Banking sources say there are still many technical details to be worked out, but that essentially the scheme will subsidise the premium or fee payable by the borrower for an insurance policy that protects a bank against loss if the borrower defaults on a home loan. This, says Rudi Botha, CEO of mortgage originator Betterbond, will give banks a greater level of comfort when lending into riskier lower income and first-time buyer markets. “And, properly leveraged, it has the potential to unlock the whole housing market by enabling buyers in these categories to access home loans more easily.”

Venter explains further: ‘”What the scheme will do is lower the cost of risk that is priced into all home loans, enabling the banks to strip that cost out of the interest that borrowers are charged on home loans and replace it – or some of it – with the subsidised insurance fee. The biggest question now is what that fee will be, as there would obviously be no advantage to consumers, or the banks, unless it were to result in monthly mortgage-instalment savings.
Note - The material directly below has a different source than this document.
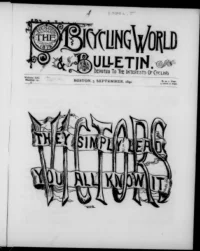 The Bicycling World, Vol 21, No 19 cover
On the other hand, it would be of great benefit to a home buyer if the interest rate of, say, 9% on a home loan could be lowered by one or two percentage points by stripping out the risk, and then raised only by a half a point or so when the insurance fee is added back.”

Indeed, an interest rate reduction of even 0,5% would be of great benefit to gap-market buyers, especially if combined with a subsidy, by making it easier to qualify for a home loans and at the same time lowering the monthly instalment.

What is more, the difference between the cost of risk and the insurance fee is likely to be different from bank to bank, because while the fee will probably be fixed, the cost of risk varies depending on what each bank believes the probability of default is and the loss severity given default. This will become part of the competitive landscape in the home loans market, along with the cost of funds, average loan size, origination and servicing costs, and will no doubt give rise to further benefits for prospective home buyers in every sector of the market.